Royal Bank Of Scotland Accedes To UK Government's Asset Protection Scheme - Update

Royal Bank of Scotland Group plc (RBS, RBS.L), or RBSG, the parent of The Royal Bank of Scotland plc, or RBS, said Friday that the company, along with RBS, signed an accession agreement to the UK Government's Asset Protection Scheme, or APS, on Thursday. The company noted that, as revealed earlier in the month, it has agreed to issue GBP25.5 billion of new capital to the Commissioners of Her Majesty's Treasury, and also decided to stop coupon and dividend payments on certain hybrid capital instruments.

RBSG said today that in addition to the Accession Agreement, it signed an acquisition and contingent capital agreement agreeing to issue GBP25.5 billion of new capital to the Commissioners of Her Majesty's Treasury in the form of B shares and a dividend access share. HM Treasury has also committed to subscribe for up to an additional GBP8 billion of capital in the form of additional B shares in certain circumstances.

The terms of the agreement were announced on November 3. The company said in a statement then that it agreed to issue GBP25.5 billion of new capital to HM Treasury in the form of B Shares which are convertible into ordinary shares. The B Shares qualify as Core Tier 1 Capital.

The Accession Agreement is subject to certain conditions, including approval by RBSG's shareholders and final approval by the European Commission.

The acquisition and contingent capital agreement also is subject to various conditions, including the satisfaction or waiver of all conditions to RBSG's and RBS's participation in the APS, approval by RBSG's shareholders and final approval by the European Commission.

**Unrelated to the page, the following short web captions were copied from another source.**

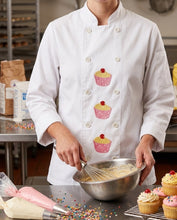 Load image into Gallery viewer, Embroidered Cupcake Design Chef Baker Jacket Extra Small 34.5”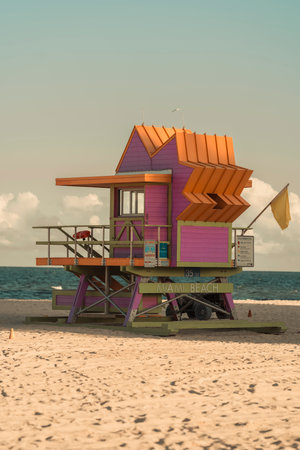 lifeguard hut at the beach miami usa floridaのeditorial素材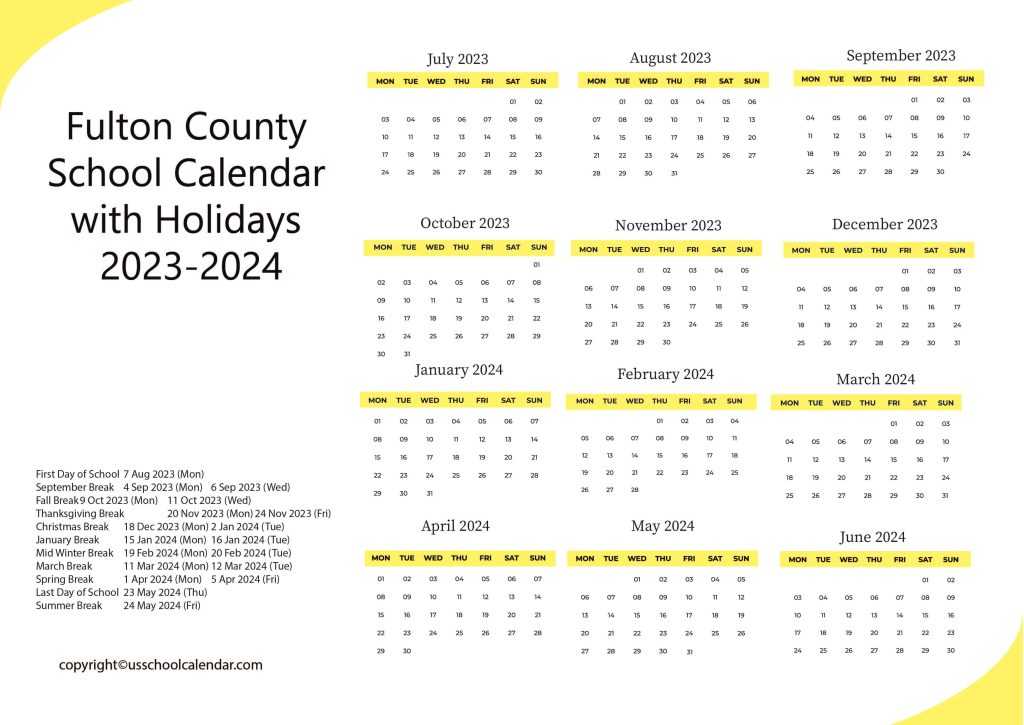 Fulton County School District Calendar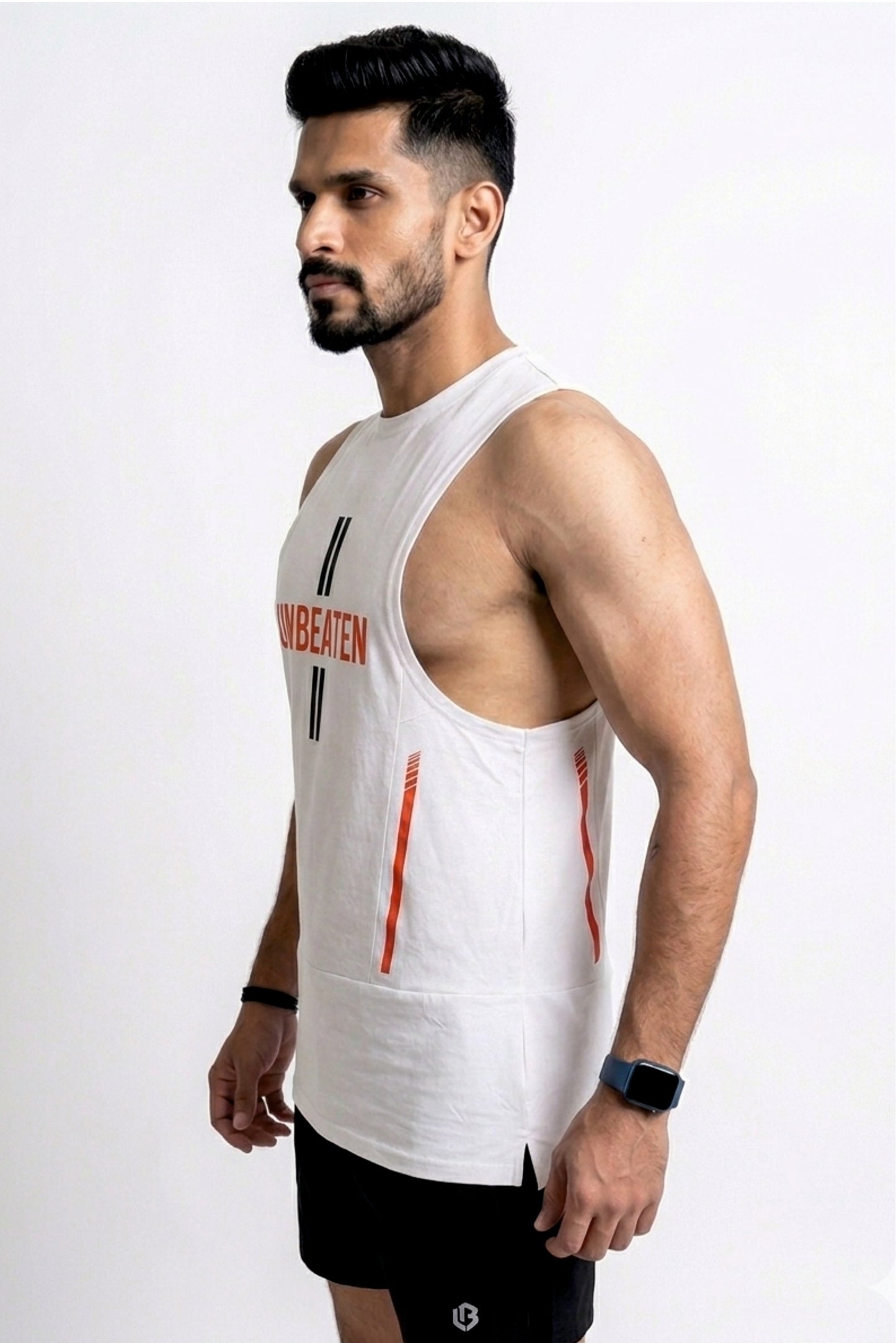 unbeaten ash white cotton singlet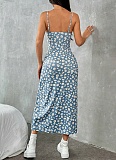 Fashion Floral Print Spaghetti Strap Hem Slits Holiday Dress Wholesale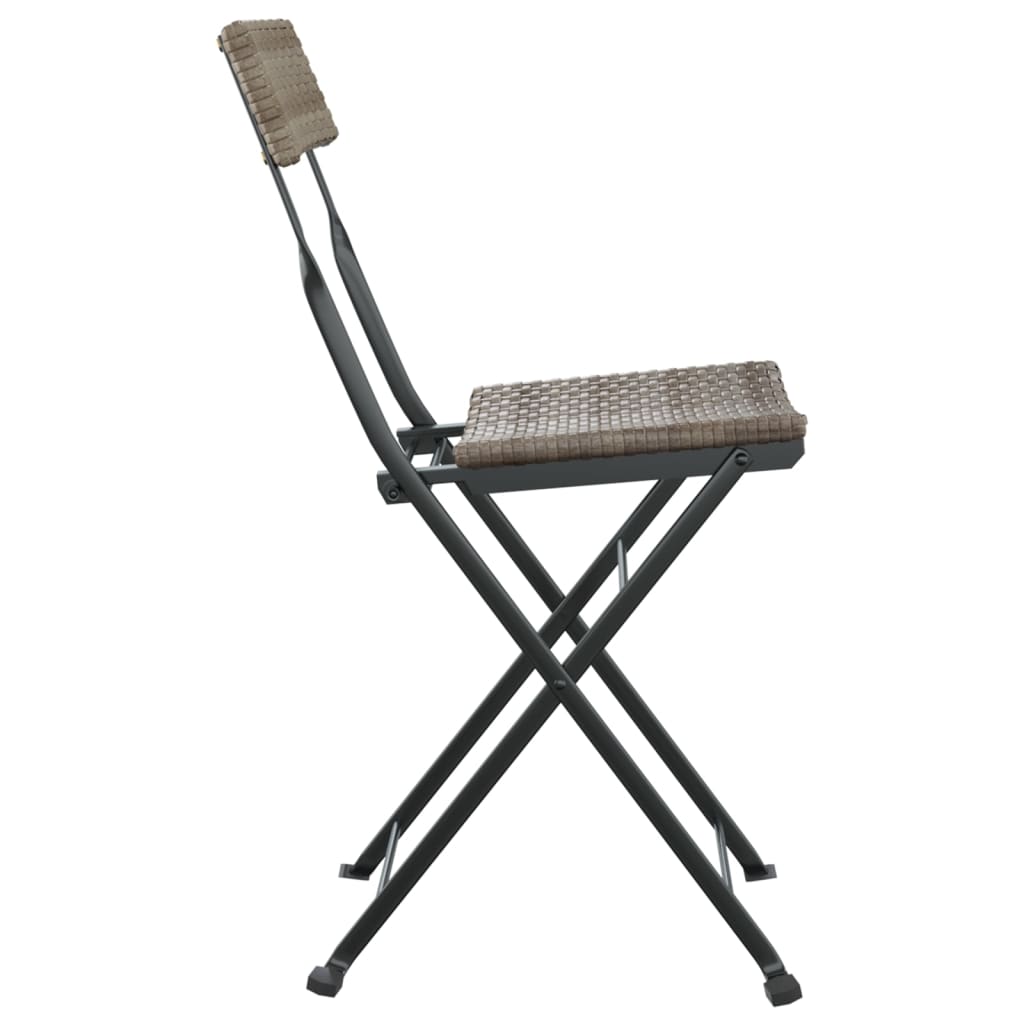 foldbare bistrostole 4 stk. polyrattan og stål grå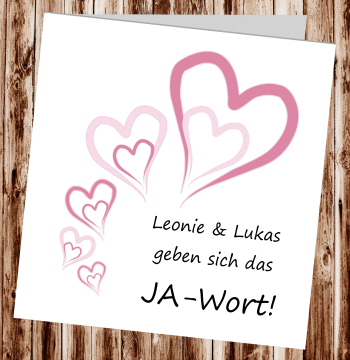 Hochzeitseinladungen, Einladungskarten zur Hochzeit, individuelle Einladungen f&uuml;r Hochzeit, Hochzeitskarten, pers&ouml;nliche Hochzeitseinladungen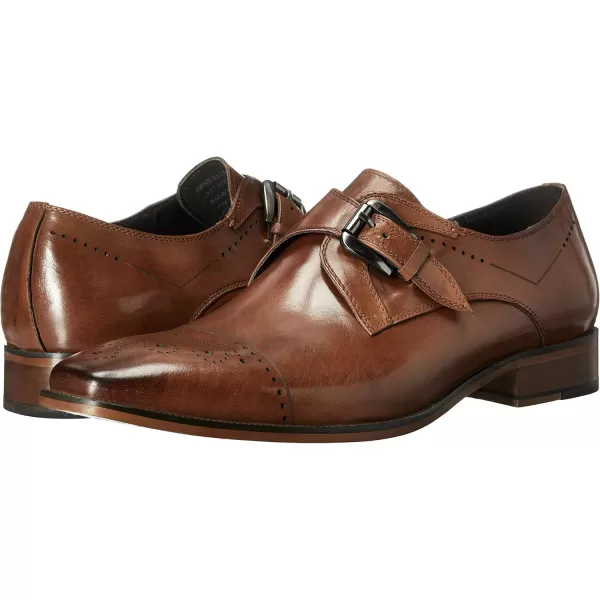 imageSTACY ADAMS Mens KimballCap Toe Monk Strap SlipOn LoaferSaddle Tan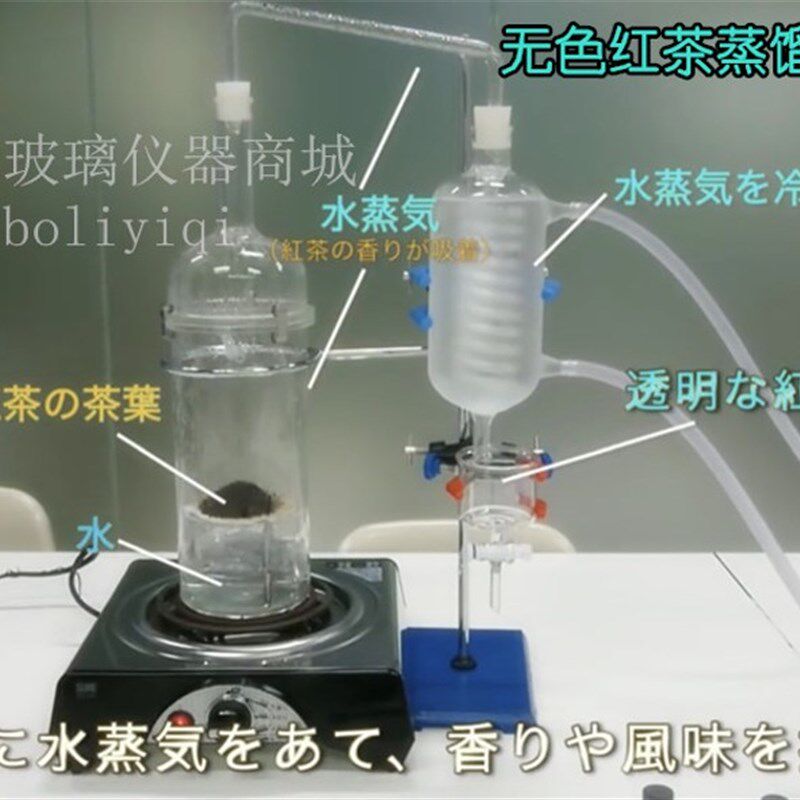 无色红茶的提取红茶蒸馏装置没有颜色的红茶玻璃蒸馏装置全套包邮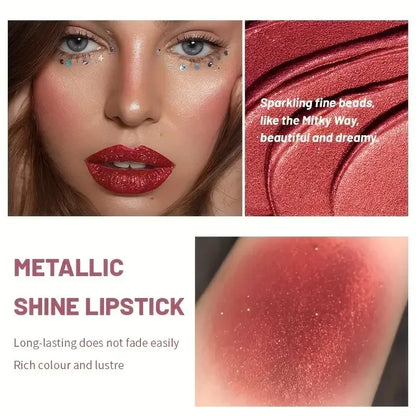 Pudaier Glitter Pearlescent Lipstick: Waterproof Diamond Shimmer & Hydrating Glow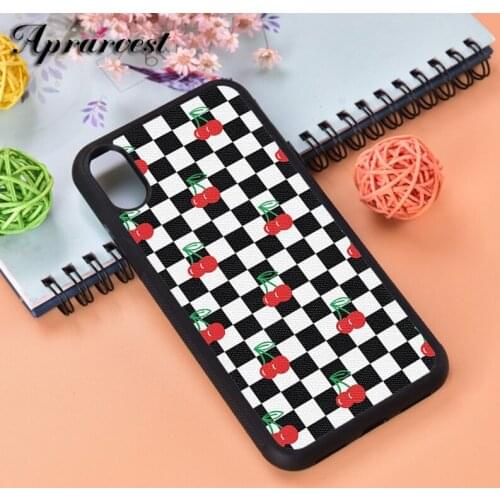 Aprarvest Checkers And Cherries Silicone Rubber Phone Case Cover For iPhone 6 6S 7 8 PLUS X XS XR 11 12 MINI PRO MAX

RBSG noted that on Thursday it also entered into a State Aid Commitment Deed with HM Treasury containing commitments and undertakings given by RBSG to HM Treasury. These are designed to ensure that HM Treasury is able to comply with the commitments to be given by it to the European Commission for the purposes of obtaining State aid approval.

As part of these commitments, RBSG has agreed that the company or any of its direct or indirect subsidiaries would not pay investors dividends or coupons on existing hybrid capital instruments during a deferral period, or exercise any call rights in relation to the same between November 24, 2009 and the end of the Deferral Period, unless legally required to do so. The deferral period will begin by April 30, 2010 and will run for two years thereafter. Hybrid capital instruments issued after November 24 shall generally not be subject to the restriction on dividend or coupon payments or call options.

Additionally, the hybrid capital instruments existing on November 24, which are retained in the future RBS Holdings N.V. group after separation is complete, will be subject to a restriction on the payment of dividends and coupons and on the exercise of any call rights for two years after the proposed capital restructuring of RFS Holdings B.V. and following the expiry of any "pusher" periods after separation and such capital restructuring.

RBSG had said on November 3 that it had agreed in principle with the EC that if it fell short of its funded balance sheet target level for December 31 , 2013 by 10% or more, the company would reduce Risk Weighted Assets by GBP60 billion through further disposals of assets or businesses. It has now been agreed that this reduction in Risk Weighted Assets would be required if RBSG falls short of this target by GBP30 billion or more.

RBSG is the worst-hit bank in the UK banking crisis. The Bank of England said in a statement to Parliament on Tuesday that it provided GBP62 billion emergency liquidity assistance to RBS and HBOS Plc last October to keep them floating. RBS borrowed GBP36.6 billion and HBOS borrowed GBP 25.4 billion. ''The RBS facility was repaid in full by 16 December 2008, and the HBOS facility by 16 January 2009,'' it said.

RBSG noted earlier this month that as part of the agreement, it would reduce its presence in the UK banking sector, which includes the disposal of the RBS branch-based business in England and Wales, the NatWest branches in Scotland, along with Direct SME customers across the UK. This will result in the disposal of 318 branches UK-wide, which is 14% of the Group's UK retail network, and the appropriate infrastructure to support this business. The bank is expected to cut about 4000 jobs across UK.

Lloyds Banking Group (LLOY.L), formed by the merger of Lloyds TSB and HBOS early this year, came close to being RBSG's peer in misery. It recently announced raising of GBP 21 billion of core capital and sale of 600 branches. The company is reportedly slashing 4,960 jobs in 2010.

RBS.L is currently trading at 32.16 pence, down 0.83 pence or 3.24%, on 53.26 million shares.

RBS closed regular trading on Wednesday at $12.03, down from the previous close of $12.15, on 147,800 shares.